I told a few other friends and my police officer friend told me that what she is doing is illegal. That to be legal she should have served me an eviction notice. She had told me I need to be out by Nov. 15 and I was fully intending to do so. I just didn't know how or where to go because I can't afford anything. But I had slowly been packing some of my things in preparation. I was also told that because I had been living there for more than 30 days then I have established residency and therefore I have rights to the property to get my belongings.
I'm still in shock. I never expected it to come to this. I have tried to treat her like I would want to be treated. But this just blows my mind. I'm still angry. Rightfully angry. This person who I thought was my most supportive friend 3 months ago now literally has become my enemy and the only reason I can think is because I tried to set reasonable boundaries to protect myself since I was beginning to see that she is unable to keep from lashing out at me and I can't handle that.
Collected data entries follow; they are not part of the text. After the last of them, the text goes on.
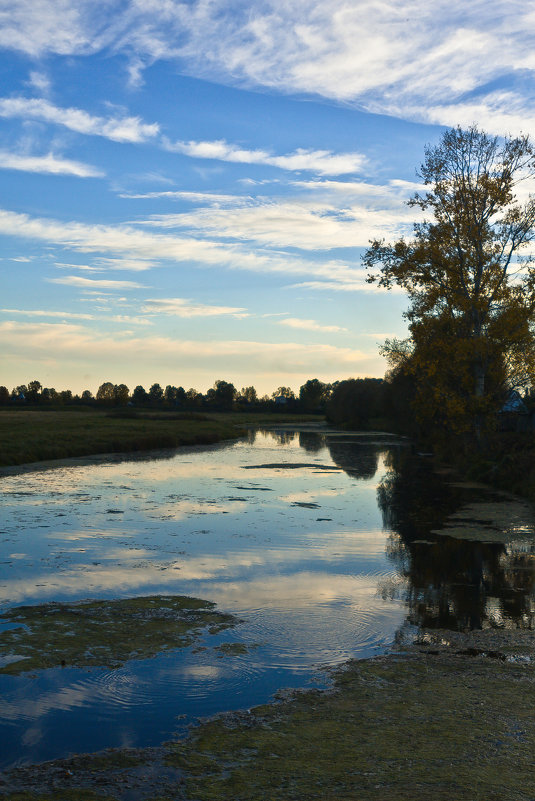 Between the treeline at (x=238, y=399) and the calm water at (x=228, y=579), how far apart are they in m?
33.8

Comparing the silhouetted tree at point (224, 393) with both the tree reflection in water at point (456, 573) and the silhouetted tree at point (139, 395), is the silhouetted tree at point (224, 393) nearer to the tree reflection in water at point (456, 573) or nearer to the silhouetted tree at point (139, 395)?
the silhouetted tree at point (139, 395)

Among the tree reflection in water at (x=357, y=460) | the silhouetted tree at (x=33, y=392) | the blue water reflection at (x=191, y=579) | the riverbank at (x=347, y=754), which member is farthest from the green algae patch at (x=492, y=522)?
the silhouetted tree at (x=33, y=392)

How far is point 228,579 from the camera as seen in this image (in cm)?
1101

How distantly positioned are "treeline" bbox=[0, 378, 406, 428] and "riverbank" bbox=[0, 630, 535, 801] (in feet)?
149

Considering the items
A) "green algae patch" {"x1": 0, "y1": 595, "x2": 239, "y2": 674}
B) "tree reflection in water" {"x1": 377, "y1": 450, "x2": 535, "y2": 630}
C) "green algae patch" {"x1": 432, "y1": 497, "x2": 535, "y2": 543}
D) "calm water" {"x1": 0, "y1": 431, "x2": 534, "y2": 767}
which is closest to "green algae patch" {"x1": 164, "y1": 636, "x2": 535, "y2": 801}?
"calm water" {"x1": 0, "y1": 431, "x2": 534, "y2": 767}

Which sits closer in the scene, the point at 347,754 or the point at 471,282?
the point at 347,754

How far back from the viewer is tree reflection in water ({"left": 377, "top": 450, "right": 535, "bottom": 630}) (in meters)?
9.02

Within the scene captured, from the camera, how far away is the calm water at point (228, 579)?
6094 millimetres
I've been told I don't deserve this.
I've been told that I could sue her for damages because if my food goes bad its money wasted and at this point I can't afford to waste anything. Plus if people purchase any of the physical products that I have up for sale I can't even access the product to ship it.
At this point I don't know what I will do. I think first I need to find a place to store my belongings because I don't want to go back any more than I have to after such a betrayal from someone I thought a few months ago was my friend. I'm also thinking of seeing if I can apply for a part time job somewhere. (Edited to add: I did apply at a local grocery store this morning)
Other than that, I guess I'll share more when more happens....just keep me in your thoughts as I try to navigate this mess legally and as respectfully as I can. I gave her plenty of grace and space but this last thing has gone too far...it feels revengeful. Like I'm being kicked when I'm already down. I feel like I'm still in shock this morning.